We could decide to represent the state of the checkers board at any given moment by using descriptive variables (by entering the number of pawns and queens per color, the number of game pieces on the edges, the centers of gravity, etc.). However, it would be very difficult to derive information related to the geometric structure of the board (alignments between pieces, interesting areas, possible future sequences…). This is why, in this context, we prefer to use the Deep RL and hence analyze the whole checkerboard as an image.
In order to learn and improve, the agent must perform actions and observe their consequences, but unlike the Breakout game where the agent plays alone, it now needs an opponent. Yet this creates a new difficulty: it would be far too time-consuming to use human beings to play against the agent in every game. The trick is to make the agent play against different versions of itself (static copies of itself after a certain amount of training), so that it becomes better than it was before through different training levels.
We begin by creating a level 0 agent which makes its moves randomly. After sufficient training against a copy of itself, it will then “progress” and move up to a superior level. It will then be able to train against itself and against its lower levels (see Figure 3). This process is continued until a very advanced level is reached by playing a greater number of games at each stage, against the most difficult opponents. Once this ultimate level is reached, we obtain an agent that has learned to win against all its previous versions, thereby against a very large number of possible opposing strategies!
Deep Reinforcement Learning serving digital marketing
For marketing purposes, we could imagine a brand using its website as a Deep RL agent. In this particular case, the agent will be able to perform “games” with each user during his various visits on the website and will aim to appeal to him at the end of each browsing session.
Throughout the user’s journey on the website, the agent will be able to interact with him by carrying out actions among various available options: redirecting the user to more personalized pages, suggesting certain items, sending push notifications, e-mails or even discount coupons… Therefore, after having sufficiently practiced with a large number of people, the agent will be able to carry out optimal successive actions that will induce its users in the desired direction.

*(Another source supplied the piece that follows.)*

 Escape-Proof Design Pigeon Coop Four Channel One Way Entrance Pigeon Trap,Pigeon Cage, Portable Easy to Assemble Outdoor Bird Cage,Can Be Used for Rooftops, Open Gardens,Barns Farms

Such a tool will be able to adapt to all different working environments, but will specifically adapt to all objectives of any given company. One could maximize conversion rates, the amount of money spent, or even encourage potential buyers to choose certain items first (for example, those in excess or those about to expire)! To achieve this, we will simply need to adapt the reward system so that the Deep RL algorithm adjusts its strategies to the business goals.
It should also be noted that due to the current legislation on personal data and the European GDPR legislation in particular, it is becoming increasingly complex to track a user from one session to another. Decisions will therefore be made on the basis of weak signals (navigation during the session) in order to obtain medium-term results. This is precisely what the Deep RL will allow.
Finally, Deep Reinforcement Learning has emerged as the AI technology that most closely resembles human intelligence, for it is able to assimilate extremely complex concepts and build long-term strategic thinking skills. As the world continues to discover its immense potential, many sectors are adopting it and revolutionizing their ways of working. Digital marketing seems to be the next one on the list.